The refugees and their descendants number some 6 million and live in built-up refugee camps in Lebanon, Syria, Jordan and the Israeli-occupied West Bank. In Gaza, they are the majority of the population, with most families having relocated from what is now central and southern Israel.
Israel rejects what the Palestinians say is their right of return, because if it was fully implemented it would likley result in a Palestinian majority within Israel's borders.
The refugee camps in Gaza have seen some of the heaviest fighting of the war. In other camps across the region, the fighting has revived painful memories from earlier rounds of violence in a decades-old conflict with no end in sight.
At a center for elderly residents of the Shatila refugee camp in Beirut, Amina Taher recalled the day her family’s house in the village of Deir al-Qassi, in what is now northern Israel, collapsed over their heads after being shelled by Israeli forces in 1948. The house was next to a school that was being used as a base by Palestinian fighters, she said.
Taher, then 3 years old, was pulled from the rubble unharmed, but her 1-year-old sister was killed. Now she has seen the same scenes play out in news coverage of Gaza.
“When I would watch the news, I had a mental breakdown because then I remembered when the house fell on me,” she said. “What harm did these children do to get killed like this?”
Daoud Nasser, also now living in Shatila, was 6 years old when his family fled from the village of Balad al-Sheikh, near Haifa. His father tried to return to their village in the early years after 1948, when the border was relatively porous, but found a Jewish family living in their house, he said.
Nasser said he would attempt the same journey if the border were not so heavily guarded. “I would run. I’m ready to walk from here to there and sleep under the olive trees on my own land," he said.
The latest war began with Hamas' rampage across southern Israel, through some of the same areas where Palestinians fled from their villages 75 years earlier. Palestinian militants killed some 1.200 people that day, mostly civilians, and took another 250 hostage.
Israel responded with one of the heaviest military onslaughts in recent history, obliterating entire neighborhoods in Gaza and forcing some 80% of the population to flee their homes.
Gaza's Health Ministry says over 35,000 Palestinians have been killed, without distinguishing between civilians and combatants in its count. The U.N. says there is widespread hunger and that northern Gaza is in a “full-blown famine.”
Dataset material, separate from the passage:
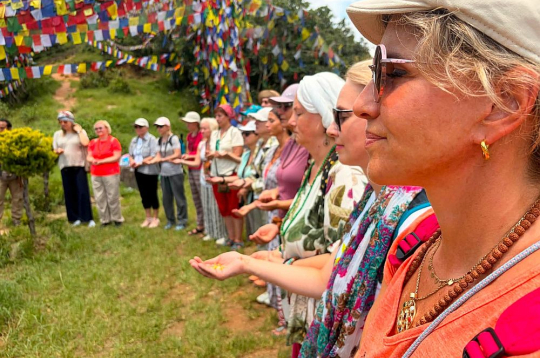 Latvijas ceļotāji, kuri uz Nepālu un Tibetu devās Viktorijas Darakovas un "Yantra.lv" organizētā braucienā, dalījās ar iespaidiem arī sociālajos tīklos. Šis attēls publicēts grupas dalībnieka Raimonda Kļaviņa feisbuka kontā 13. augustā.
Israel says its goal is to dismantle Hamas and return the estimated 100 hostages, and the remains of more than 30 others, still held by the group after it released most of the rest during a cease-fire last year.
Israeli troops pushed into Rafah last week. Prime Minister Benjamin Netanyahu has portrayed the city on Gaza's southern border with Egypt as Hamas' last stronghold, promising victory.
But the militants have regrouped elsewhere in Gaza, even in some of the hardest-hit areas, raising the prospect of a prolonged insurgency.
The fighting in Rafah has made the nearby Kerem Shalom crossing — Gaza's main cargo terminal — mostly inaccessible from the Palestinian side. Israel's capture of the Gaza side of the Rafah crossing with Egypt has forced it to shut down and sparked a crisis of relations with the Arab country. Aid groups says the loss of the two crossings has crippled efforts to provide humanitarian aid as needs mount.
In a statement on Tuesday, Egyptian Foreign Minister Sameh Shoukry accused Israel “distorting the facts” and condemned its “desperate attempts” to blame Egypt for the continued closure of the crossing. Egyptian officials have said the Rafah operation threatens the two countries’ decades-old peace treaty.
Shoukry was responding to remarks by Israeli Foreign Minister Israel Katz, who said there was a “need to persuade Egypt to reopen the Rafah crossing to allow the continued delivery of international humanitarian aid to Gaza.”
Egypt has played a key role in months of mediation efforts aimed at brokering a cease-fire between Israel and Hamas and the release of hostages. The latest round of talks ended last week without a breakthrough.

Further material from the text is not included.